Afinal, o que é justiça?

Olá pessoal,
Não deu certo tentar trabalhar com link no blog, então, segue aqui o meu texto.
Até +

Comentário sobre o Livro II de A República, Platão. Martins Fontes, São Paulo, 2006.

Afinal, o que é justiça?
É vício ou virtude? Seria justo prejudicar um inimigo? Essas são questões difíceis de responder. Tentemos definir o que é justiça: justiça poderia ser definida como “fazer o bem e devolver a todos o que é devido”, então seria justo fazer mal aos inimigos, pois a eles o que é devido é o mal? Não me parece correto; para o homem justo, não é certo prejudicar alguém.
Talvez as pessoas escolham ser injustas, pois parece ser mais vantajoso ser injusto. A experiência mostra que os injustos não são punidos, pelo contrário, gozam de riquezas e facilidades na vida cotidiana. Na Grécia antiga, se dizia que se um homem rico cometesse muitas injustiças na sua vida, poderia usar o dinheiro para repará-las e assim, garantir um bom após-vida. Ora, hoje em dia, não é muito diferente, as pessoas cometem as maiores atrocidades durante toda a sua vida e quando vão chegando perto do fim se arrependem e tentam remediar todo o estrago feito. Hoje, porém, no mundo ocidental, influenciado grandemente pela religião judaico-cristã, não é tão simples resolver os pecados cometidos, não só com dinheiro, pelo menos; a culpa cristã ganhou dimensões extraordinárias nas nossas cabeças. Os gregos não sofriam desse mal...
Então, é mais vantajoso ser injusto ou justo?

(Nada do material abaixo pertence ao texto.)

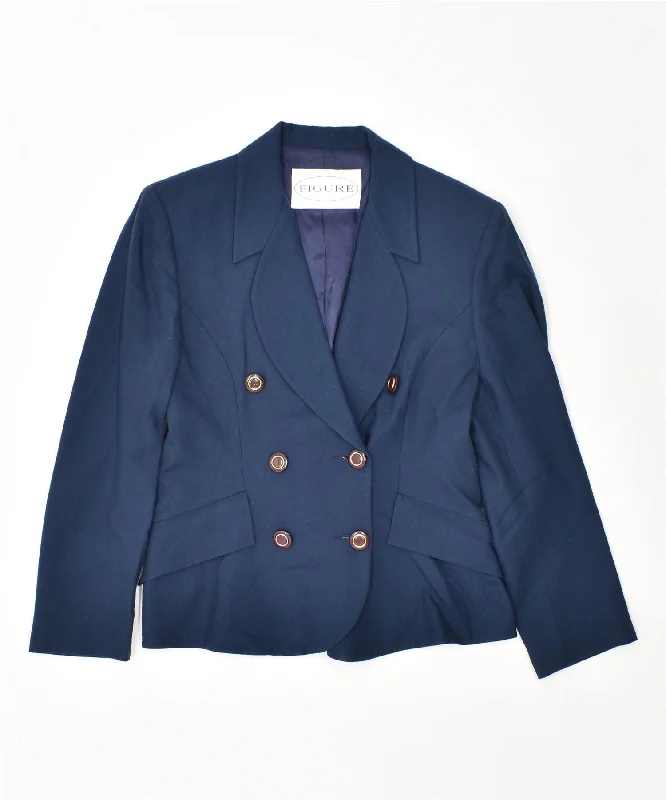 BlazercloudFIGURE Womens Double Breasted Blazer Jacket IT 46 Large Navy Blue Wool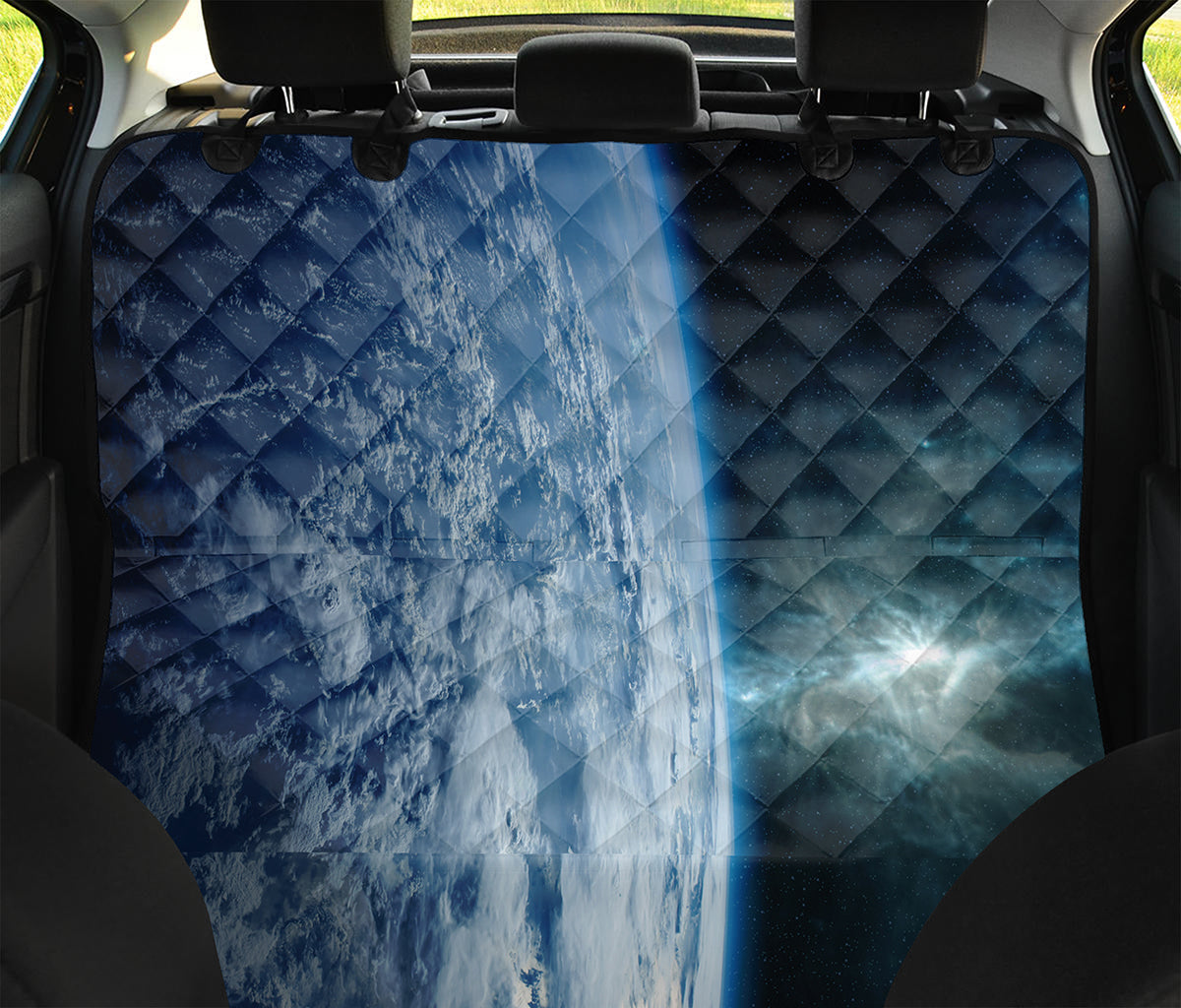 Space And Earth Print Pet Car Back Seat Cover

A justiça é uma espécie de bem, quando fazemos justiça nos sentimos felizes; entendo que justiça seja uma espécie de prática do amor. Deste ponto de vista é mais vantajoso ser justo, pois nos sentiremos bem e, de fato, quando fazemos justiça, ou quando vemos justiça sendo feita, nos sentimos bem. Mas será que o que chamamos de justiça é realmente justiça? Vejamos um simples exemplo do nosso cotidiano: os roteiros cinematográficos comerciais usam e abusam da trama de injustiças sendo resolvida no final com o mocinho prevalecendo sobre o bandido, ou seja, na concepção do roteirista e do público em geral, a justiça sendo feita. Algo que notei é que, cada vez mais, principalmente nas produções norte-americanas, o que vemos é o bandido não somente sendo preso ou levando uma lição que o faz se arrepender por seus atos, ele é torturado, massacrado, explodido, literalmente pulverizado da face da Terra – dá-se um fim ao bandido no limite do que se pode imaginar de mais cruel – ou melhor, de fato, não há limites. Mas se a justiça é uma espécie de prática do amor, não seria um ato injusto tratar o injusto, digo, o bandido, desta forma?

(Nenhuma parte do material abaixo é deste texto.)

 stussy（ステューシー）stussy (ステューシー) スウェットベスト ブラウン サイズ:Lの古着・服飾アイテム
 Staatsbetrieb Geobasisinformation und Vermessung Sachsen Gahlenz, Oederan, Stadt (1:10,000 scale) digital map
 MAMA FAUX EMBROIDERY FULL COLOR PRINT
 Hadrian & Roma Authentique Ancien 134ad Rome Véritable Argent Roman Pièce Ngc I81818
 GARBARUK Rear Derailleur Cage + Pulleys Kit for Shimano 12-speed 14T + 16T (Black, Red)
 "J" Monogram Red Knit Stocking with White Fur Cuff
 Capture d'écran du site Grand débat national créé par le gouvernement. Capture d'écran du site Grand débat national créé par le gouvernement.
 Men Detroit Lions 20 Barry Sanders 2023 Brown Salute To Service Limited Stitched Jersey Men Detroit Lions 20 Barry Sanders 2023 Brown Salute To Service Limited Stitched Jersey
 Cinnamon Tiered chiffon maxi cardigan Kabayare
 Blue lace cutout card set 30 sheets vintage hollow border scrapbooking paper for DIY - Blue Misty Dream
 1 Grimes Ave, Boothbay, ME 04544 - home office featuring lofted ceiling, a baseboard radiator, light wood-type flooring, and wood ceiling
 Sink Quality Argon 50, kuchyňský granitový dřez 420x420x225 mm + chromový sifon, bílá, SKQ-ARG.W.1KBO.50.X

O que se vê nos filmes é a vingança do mal cometido pelo injusto, uma vez que nem sempre as leis, que deveriam ser baseadas no princípio de justiça, dão conta de reparar o mal feito, então parte-se para a justiça “com as próprias mãos”. Mas, se justiça é uma espécie de bem, então como pode ser justo o fato de devolver ao bandido o mal que ele causou? Seria a vingança uma espécie de justiça?
Se a vingança traz um bem-estar parece, então, ser mais vantajoso ser injusto com aqueles que foram injustos conosco. Mas será que a vingança realmente traz um bem-estar? O que traria maior bem-estar a vingança ou o perdão? Parece-me justo que quem cometeu injustiça seja punido, mas no âmbito pessoal, talvez seja o perdão, mais do que a vingança, aquele sentimento que traga maior bem-estar, mas voltemos ao tema.
Há ainda outro aspecto: na busca do bem-estar não basta ser justo, a pessoa justa deve parecer ser justa aos olhos dos outros, para que receba o reconhecimento e as honras por seu comportamento justo. Se o justo parecer injusto, ele será execrado pelo grupo no qual está inserido. O contrário para o injusto que, se parecer ser justo, receberá as honras e o respeito da comunidade. Então o que traz vantagem não é ser justo, mas parecer justo. Por fim, há a tese de que se o homem tiver a certeza de que não será punido pelas injustiças que cometer, ele não terá escrúpulo nenhum cometê-las e mais: ninguém é justo por espontânea vontade, só é justo porque é covarde, ou é velho ou tem qualquer outra fraqueza que o impede de cometer injustiças. Será?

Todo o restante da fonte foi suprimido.